請吃酒前還信誓旦旦的說絕非歹意,可現在收買不成,便立馬就現出了原形,并且還是在這大庭廣眾之下。
前一秒還說著要讓李然成為魯國的中流砥柱,下一秒便喚人進來殺人滅口。
季氏這變臉變得,當真是比翻書還快。
有道是唱戲三分真,可季氏這出戲,竟連三分也無,不知道的還以為今日之局就是一個圈套,為的正是伏殺李然呢!簡直卑鄙到了極致。

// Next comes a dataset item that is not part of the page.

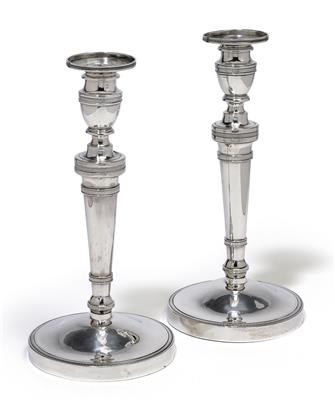 A pair of candleholders from Paris, - Stříbro a Ruské stříbro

不過李然對此卻并未顯得多么憤怒,因為這在他眼中不過是小兒科罷了。
“呵呵,早料到你有今日一局,你以為李某臨走前與仆人招呼了一聲是何目的?可不就是為了防你這一手?”
“哼!今日算你逞能,但總有一日,我季氏定要叫伱不得好死!”
季孫意如情知今日難殺李然,當即放下狠話,臉上肌肉不停抖動,顯然對李然已是恨之入骨。
這樣的狠話,雖于事無補,但多少能讓他心里好受些。
只是他沒想過,他今日可謂與李然徹底撕破了臉皮,李然又豈會再給他機會?
“哦?既然如此,那在下只好先下手為強了。”
李然聞聲一怔,而后提著青銅劍步步逼近,眸子里赫然浮現出濃烈的殺氣。
“你想做什么!放肆!”
“我乃季氏未來的宗主,你敢動我!”
季孫意如此刻身邊沒有護衛,再加之孫武就在一旁站著,他哪里敢動彈,生怕孫武上來再給他一劍。

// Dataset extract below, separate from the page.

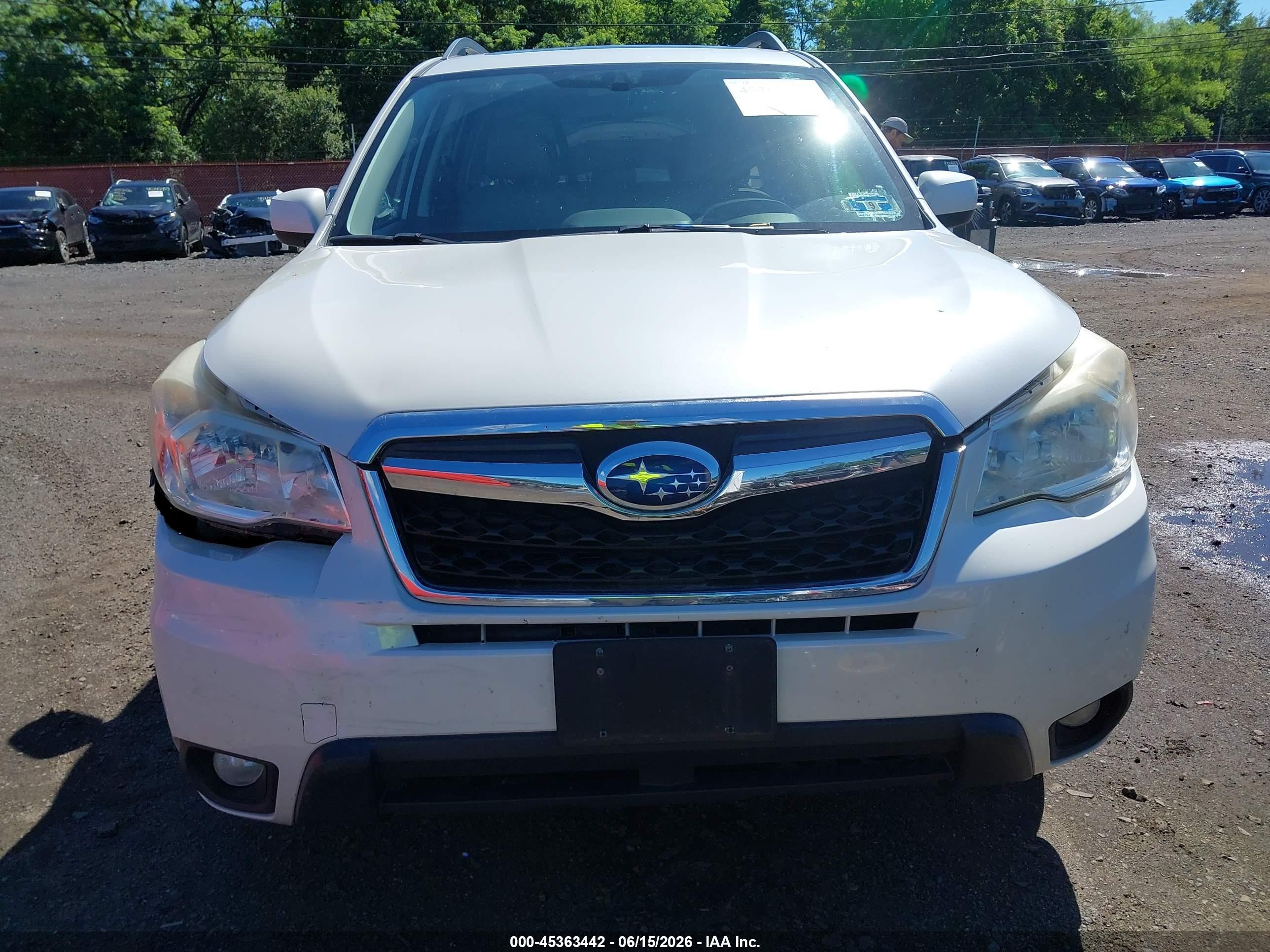 2014 Subaru Forester 2.5i Limited White vin: JF2SJAHC9EH479782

此時見得李然步步緊逼,一時呼吸急促,心神震動,說話都不由顫抖起來。
“哦?季氏的宗主?我殺的就是你!”
只聽李然一道猛喝,而后提劍朝著季孫意如直接斬了下去!
戰嗎?戰啊!
以最卑微的夢!
致那黑夜中的嗚咽與怒吼!
為太子野報仇雪恨!
也為魯國公室討回一個公道!
殺了季孫意如,徹底滅了季孫老賊的野心,讓季氏從此一蹶不振!
這一劍!斬下去!
“叮!”
就在李然的劍鋒即將劈斬在季孫意如身上時!一道刺耳的聲音又猛的一下了出傳來。
孫武的劍就擋在季孫意如身前!
李然的雙手在顫抖,他不是習武之人,使出渾身力氣的一劍被擋住后,劍鋒上的力道反作用在他的手上,一時虎口陣痛。
他轉過頭看了看孫武,冷冽的目光沒有任何的語言,只流露著一股悲憤。
而孫武也沒有說話,只若無其事的立在原地,緩緩搖頭,像是在說:現在還不是殺他的時候。
李然經這一番提醒,這才是反應過來。若今日因一時憤懣而殺了季孫意如,那無論是對叔孫氏還是祭氏,都將是災禍纏身。
姑且不論季孫宿必定對他展開瘋狂報復。此事就算放于天下,都是極大的忌諱。別人請你吃酒,你卻一言不合把人給殺了。這必然會引起天下人的口誅筆伐。
用兩家的前途換季孫意如的命,值得嗎?
答案是顯而易見的。
李然扔掉了手中長劍,看著面前早已嚇得縮成一團的季孫意如,眼神凜冽。
“哼!不要以為扶持了公子稠上位,你們季氏便可以在魯國為所欲為。”
“別忘了,李某可是孑然一身,一人吃飽,全家不餓的。若是逼急了,大不了是玉石俱焚,魚死網破!”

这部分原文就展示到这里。